Well i send him a email after the conversation, he responded today

saying it was ok that we talked but that we shouldn't talk again for a while,

and to wait and see what happens.

 

He also said he felt really bad about how i felt I lost my dignity and self

respect and how he respects me , he also said he was worried about me during the time we weren't talking and glad to hear from me last night.

 

Well I don't know what will happen but I have to be strong for myself....

Posted (edited)

you're right. you seem pretty strong. remember you are worth being with someone who has not regrets and is sure. he sounds like he's hurt about something that happened. so i think you've left something out but as long as you are aware of that you will know that time heals all wounds.

 

don't feel too badi initially broke up with my ex for a few reasons. and i broke NC w/ him last week after 7 days.i was so disgusted with myself.i answered his call and shouldn't have b/c he has become very spiteful and i feel as though he only wants to make me feel the hurt that he reminds me he felt. so i still care for him and want to text him even right now but it seems to be a cycle going on that i don't like.he's being real passive right now so there's nothing for me to do...same in your situation.

 

you will get stronger each day and he may become less resistant. and if it's meant to be it will be. it doesn't make me feel better to hear that but your case may be more salvageable than mine.

Edited by muse08
  • Author
Posted

Yes, his studying abroad but will be back December.

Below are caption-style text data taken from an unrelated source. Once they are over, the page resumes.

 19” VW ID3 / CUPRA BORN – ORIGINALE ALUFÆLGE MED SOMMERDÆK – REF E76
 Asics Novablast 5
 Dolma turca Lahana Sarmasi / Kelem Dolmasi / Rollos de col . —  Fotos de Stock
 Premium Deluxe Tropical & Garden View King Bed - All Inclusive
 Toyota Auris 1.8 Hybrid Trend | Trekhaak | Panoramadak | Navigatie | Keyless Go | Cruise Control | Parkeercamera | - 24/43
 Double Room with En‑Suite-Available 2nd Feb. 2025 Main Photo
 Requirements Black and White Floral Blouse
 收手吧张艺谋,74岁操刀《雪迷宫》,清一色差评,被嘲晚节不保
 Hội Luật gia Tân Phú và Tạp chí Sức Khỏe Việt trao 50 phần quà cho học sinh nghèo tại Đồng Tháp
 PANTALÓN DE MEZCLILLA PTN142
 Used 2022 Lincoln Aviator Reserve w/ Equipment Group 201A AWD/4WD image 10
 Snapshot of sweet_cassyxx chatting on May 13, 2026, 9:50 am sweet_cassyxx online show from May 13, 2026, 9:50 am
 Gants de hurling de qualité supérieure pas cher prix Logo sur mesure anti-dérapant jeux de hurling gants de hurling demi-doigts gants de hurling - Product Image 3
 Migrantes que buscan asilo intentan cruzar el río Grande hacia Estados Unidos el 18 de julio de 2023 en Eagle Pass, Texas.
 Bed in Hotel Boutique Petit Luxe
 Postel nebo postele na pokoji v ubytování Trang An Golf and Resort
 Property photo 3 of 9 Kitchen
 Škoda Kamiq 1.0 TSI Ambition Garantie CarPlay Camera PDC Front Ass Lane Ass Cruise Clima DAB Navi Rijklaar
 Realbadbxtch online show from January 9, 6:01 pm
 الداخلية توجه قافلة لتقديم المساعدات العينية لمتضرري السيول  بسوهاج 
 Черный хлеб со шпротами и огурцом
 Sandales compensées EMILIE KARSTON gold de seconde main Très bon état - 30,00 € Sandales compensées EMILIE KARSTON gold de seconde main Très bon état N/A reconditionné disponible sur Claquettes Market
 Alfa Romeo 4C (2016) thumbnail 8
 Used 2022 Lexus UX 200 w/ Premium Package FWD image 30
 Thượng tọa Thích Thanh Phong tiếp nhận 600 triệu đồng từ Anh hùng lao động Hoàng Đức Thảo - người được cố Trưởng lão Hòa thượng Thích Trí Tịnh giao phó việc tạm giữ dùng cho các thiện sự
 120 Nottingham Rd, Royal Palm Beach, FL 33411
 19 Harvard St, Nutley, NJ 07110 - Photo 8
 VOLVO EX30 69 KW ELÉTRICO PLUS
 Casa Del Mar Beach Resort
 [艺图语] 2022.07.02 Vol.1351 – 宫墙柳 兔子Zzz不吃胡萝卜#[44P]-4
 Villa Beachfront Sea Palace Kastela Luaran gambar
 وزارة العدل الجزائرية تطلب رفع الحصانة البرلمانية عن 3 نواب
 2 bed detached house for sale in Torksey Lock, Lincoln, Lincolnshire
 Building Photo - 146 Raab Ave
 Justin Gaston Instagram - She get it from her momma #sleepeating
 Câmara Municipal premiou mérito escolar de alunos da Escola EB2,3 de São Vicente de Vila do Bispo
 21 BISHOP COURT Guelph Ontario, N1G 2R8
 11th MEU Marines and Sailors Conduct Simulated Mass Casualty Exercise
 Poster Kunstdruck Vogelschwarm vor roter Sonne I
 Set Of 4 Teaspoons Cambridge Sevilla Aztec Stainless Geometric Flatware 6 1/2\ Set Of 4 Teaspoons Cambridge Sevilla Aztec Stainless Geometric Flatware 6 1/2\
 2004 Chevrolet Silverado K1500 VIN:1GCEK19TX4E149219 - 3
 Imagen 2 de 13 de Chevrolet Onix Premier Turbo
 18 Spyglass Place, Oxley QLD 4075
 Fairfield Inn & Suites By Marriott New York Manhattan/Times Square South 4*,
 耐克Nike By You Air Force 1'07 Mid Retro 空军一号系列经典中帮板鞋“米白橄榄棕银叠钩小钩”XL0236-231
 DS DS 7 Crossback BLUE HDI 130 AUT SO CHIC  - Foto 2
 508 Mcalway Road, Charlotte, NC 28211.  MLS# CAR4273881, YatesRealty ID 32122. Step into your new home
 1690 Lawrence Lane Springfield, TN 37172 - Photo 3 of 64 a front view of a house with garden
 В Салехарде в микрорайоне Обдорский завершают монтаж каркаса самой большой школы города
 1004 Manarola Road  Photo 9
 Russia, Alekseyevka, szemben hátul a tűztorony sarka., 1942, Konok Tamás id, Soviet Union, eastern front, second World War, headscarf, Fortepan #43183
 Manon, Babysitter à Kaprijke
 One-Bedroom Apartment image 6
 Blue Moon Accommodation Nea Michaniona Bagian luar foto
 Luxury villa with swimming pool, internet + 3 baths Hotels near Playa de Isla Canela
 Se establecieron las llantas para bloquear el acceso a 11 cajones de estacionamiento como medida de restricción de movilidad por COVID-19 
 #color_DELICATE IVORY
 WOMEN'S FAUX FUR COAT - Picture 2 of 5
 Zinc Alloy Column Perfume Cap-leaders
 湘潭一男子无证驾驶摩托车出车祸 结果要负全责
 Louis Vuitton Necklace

I remember feeling like I wouldn't be able to handle a day

not talking to him, but now that I've gone a week ... it

isn't so bad after all.

 

It only makes me regret being so clingy and needy in the

first place, I wish I trusted myself more to be strong

so most of the arguments/ fights wouldn't have escalated

to this point.

 

Well we shall hang in there =) and be strong for ourselves.

Posted
Yes, his studying abroad but will be back December.

I remember feeling like I wouldn't be able to handle a day

not talking to him, but now that I've gone a week ... it

isn't so bad after all.

 

It only makes me regret being so clingy and needy in the

first place, I wish I trusted myself more to be strong

so most of the arguments/ fights wouldn't have escalated

to this point.

 

Well we shall hang in there =) and be strong for ourselves.

 

yes we shall. it starts with not beating yourself up. give yourself some time to grieve. also, know that he is missing out. additionally, who knows what the future holds...

 

think about whether you really care to be with him again or not.you know? just relax, breathe and rediscover what makes you happy outside of that relationship.;)

  • Author
Posted

so yesterday my ex aimed me out of nowhere after sending me an email saying we shouldnt talk for a while. I was hesitant and waited to reply, and he goes its ok if I dont want to talk...

 

well he kept talking so it was pretty casual and then he slipped out that

his glad were talking again and had a smiley face. I felt it was kind of wierd..but I was glad at that time too.

 

Today i had doubts again and send him an email telling him not to talk to me unless he wants to work things out esp if he plans on hooking up with someone else etc etc ....

 

so he replied saying I'm right and his not ready to talk about working things out YET. Which I'm fine because I knew he wasn't ready and was perplexed by the fact that he talked to me anyways, well as much as my email sounded harsh , I'm glad I made it clear and I feel better about it.